Escribe Luisa Valenzuela
Un cuento para Ana Rosa Domenella, la araucaria
Cuando se escriba la historia de la cultura en Villa Carlos Paz, la literatura ocupará el relevante lugar que merece. La gran FERIA INTERNACIONAL DEL LIBRO, programada en nuestra ciudad entre el venidero 31 de octubre y el 4 de noviembre, corona años de esfuerzo de escritoras, escritores y trabajadores de la cultura de nuestra ciudad, y marcará seguramente un antes y un después de esta poco conocida pero importante historia.
Esta ciudad/villa nuestra, noctámbula y playera, con sus ruidos, marquesinas y maquillajes, pero con los brazos y el corazón siempre abiertos, acogió y vio pasar a destacados nombres de las letras (Sábato, Furt, Figueroa Guemes, Viggiano Esaín, Barsky, Zárate, Florian Czarnyszewicz, Nores Martínez, Parfeniuk, Minardi, Solans…) y hoy cobija a grupos y autores, libreros y editores, ya consolidados y/o emergentes, que conforman una sólida lista.

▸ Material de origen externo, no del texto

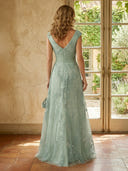 Tulle V Neck A Line Long Mother of the Bride Dresses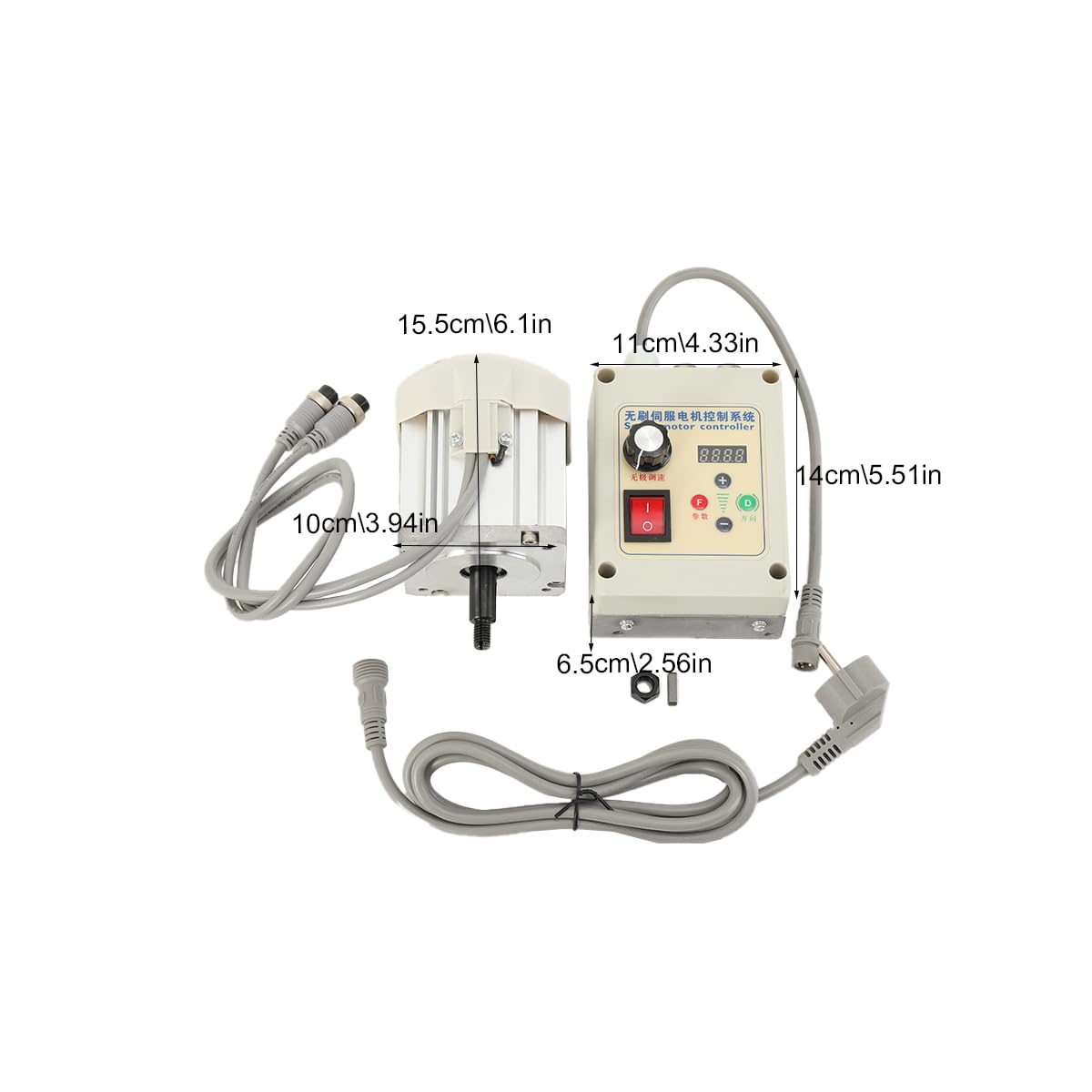 220V 1200W Bürstenloser Servomotor Satz mit Controller für Holzbearbeitung Drehmaschine, Geschwindigkeit Einstellbar 200 bis 5000U/min 5N.M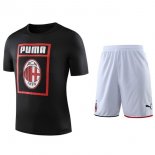 Entrainement Ensemble Complet AC Milan 2019 2020 Noir Blanc Pas Cher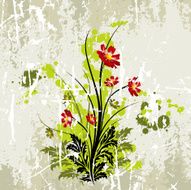 Abstract Grunge Floral Background N22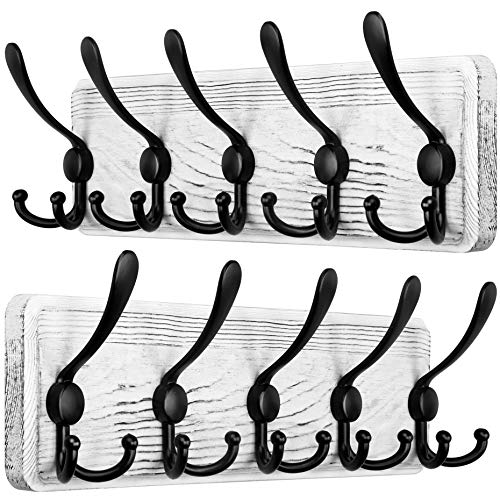Image of SKOLOO Rustic Wall Mounted Coat Rack, 16 inch Stud Spacing, Wood Coat Rack Wall Mount with 5 Triple Hooks, Farmhouse Coat Hanger Wall Mount for Hanging Backpack Jacket Coat Hat, Pack of 2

Pues bien: aquí creció y se formó en los años sesenta (en la Universidad Nacional de Córdoba) nuestra hoy famosa personalidad de las Letras hispanoamericanas: ANA ROSA DOMENELLA, radicada desde hace tiempo en México, pero siempre regresando a su patria chica, a su “pueblo” y a su casa, de la cual en realidad nunca se fue del todo.
En las aulas de la azteca UNAM, investigó y difundió durante años y como nadie, las grandes obras de la literatura argentina y latinoamericana, formando especialistas que hoy trabajan en distintos países, dando a conocer los trabajos de nuestros creadores.
Y ANA ROSA no dejará de hacer esa tarea: ella sigue, con sus ganas y facultades -también crecidas con los años- investigando, formando a través de talleres y luchando -como la conocimos y como siempre- por un mundo inclusivo y de real justicia social; a propósito: fue todo un acto de justicia de parte de la Municipalidad local, haberla honrado en su última visita con la Medalla del Centenario (que en su momento recibieron los escritores Luis García Montero, Leopoldo “Teuco” Castilla y Aldo Parfeniuk).
No menos importante fueron los saludos enviados por escritores y escritoras que la quieren, la admiran y no dejan de agradecerle su infatigable tarea de estudio y divulgación de sus obras.
Una de ellas, protagonista indiscutible de lo mejor de la literatura escrita en Hispanoamérica, es LUISA VALENZUELA, quien le dedica el breve cuento que a continuación (y en exclusiva) publicamos.
¡Gracias ANA ROSA, gracias LUISA!
La araucaria
Se sentía aliviada de una forma extraña, porque todo había sido tan maravilloso, tan feliz, cordial, plagado de cariño y de muestras de talento. Igual, ahora que los dos impresionantes homenajes quedaron atrás, ella sentía ese alivio inexplicable no exento de culpa, porque lo lógico seria estar festejando, luciéndose más bien, plagando de fotos las redes sociales. Pero eso no es lo suyo. Agradecimiento si, claro está, y había sabido expresarlo de corazón, a su manera profunda y discreta.
Ana Rosa, siempre de tan de bajo perfil, quizá mascullaron algunos que la conocen poco. Más bien de perfil íntimo, secreto. Y también risueño.
Así se sentía en esa mañana de radiante sol en su casa entre los cerros donde había ido a refugiarse después de tantas emociones fuertes, a gozar de este novedoso alivio que sentía, como de deber cumplido, de haber llegado a alguna cumbre y de ahí en más todo serian caminos llanos, propicios, tal como augura el Popol Vuh, el libro sabio de esas tierras que ella más de medio siglo atrás había adoptado. Y que la habían adoptado a ella.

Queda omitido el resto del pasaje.